SOURCE DATA Start Marker

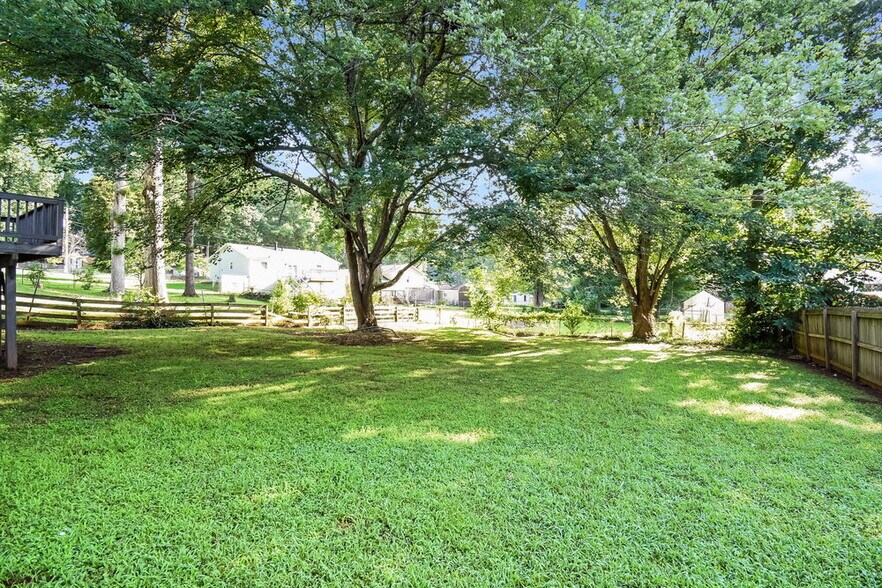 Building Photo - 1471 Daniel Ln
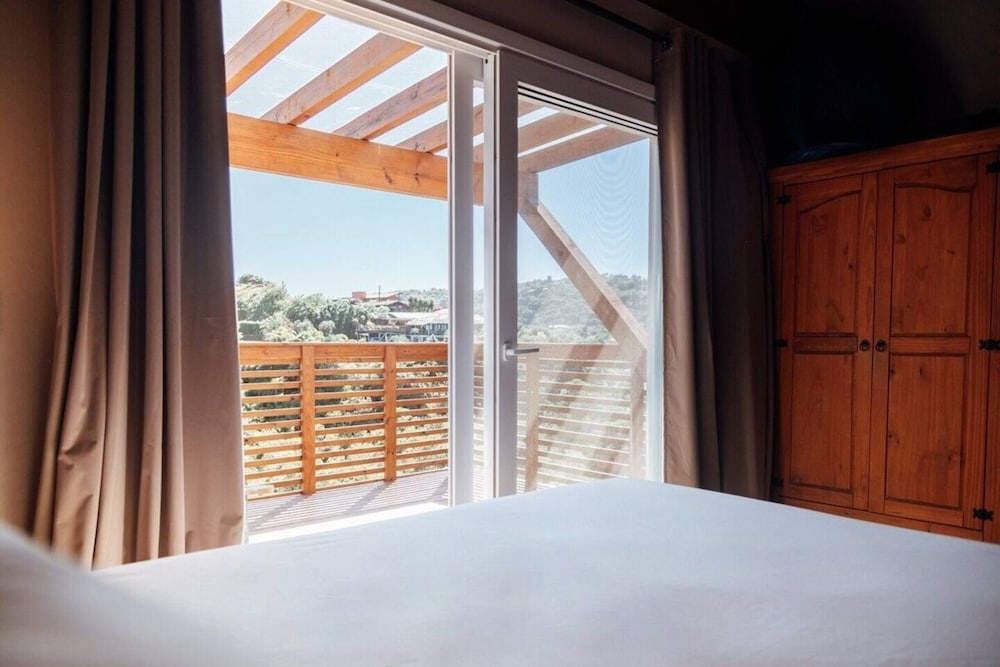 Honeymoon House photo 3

SOURCE DATA End Marker
SOURCE DATA Start Marker

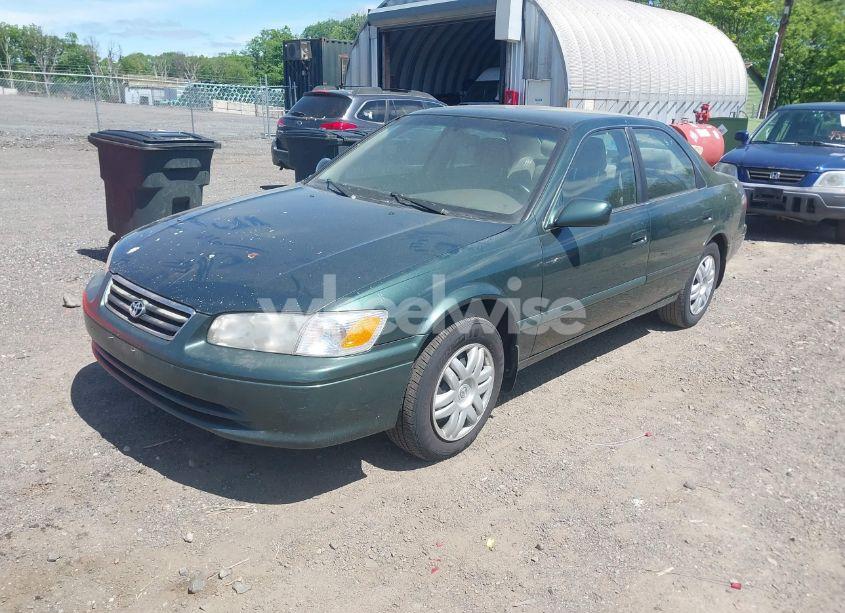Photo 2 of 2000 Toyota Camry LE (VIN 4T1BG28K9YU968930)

SOURCE DATA End Marker
SOURCE DATA Start Marker

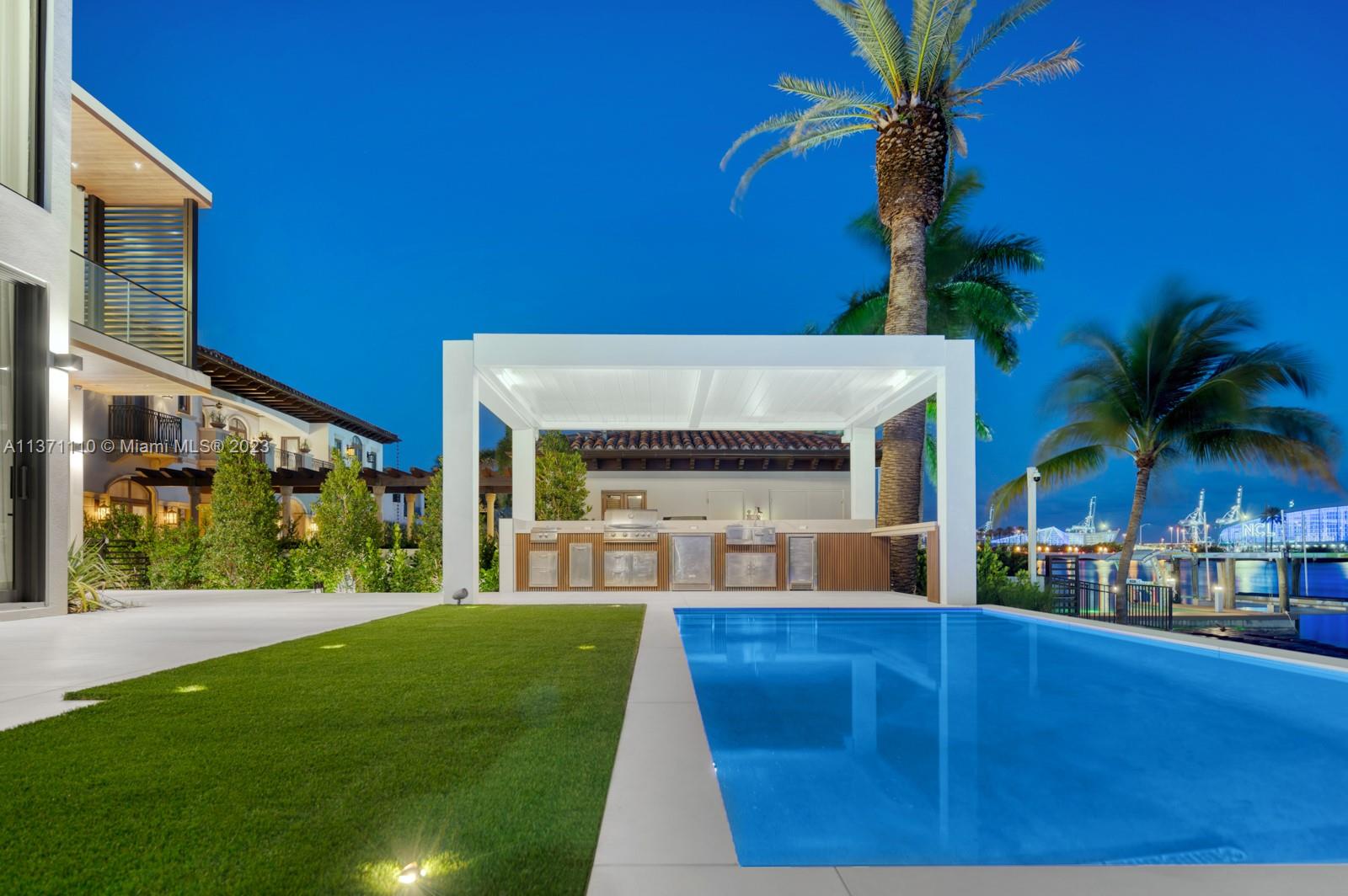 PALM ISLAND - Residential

SOURCE DATA End Marker

— REQUIRED WORK —
When you reach the line containing "Building Photo - 1471 Daniel Ln" in the entries above, begin restating word for word, and stop once the line containing "Honeymoon House photo 3" has been given. Omit the pictures.

— SOLUTION —
 Building Photo - 1471 Daniel Ln
 Honeymoon House photo 3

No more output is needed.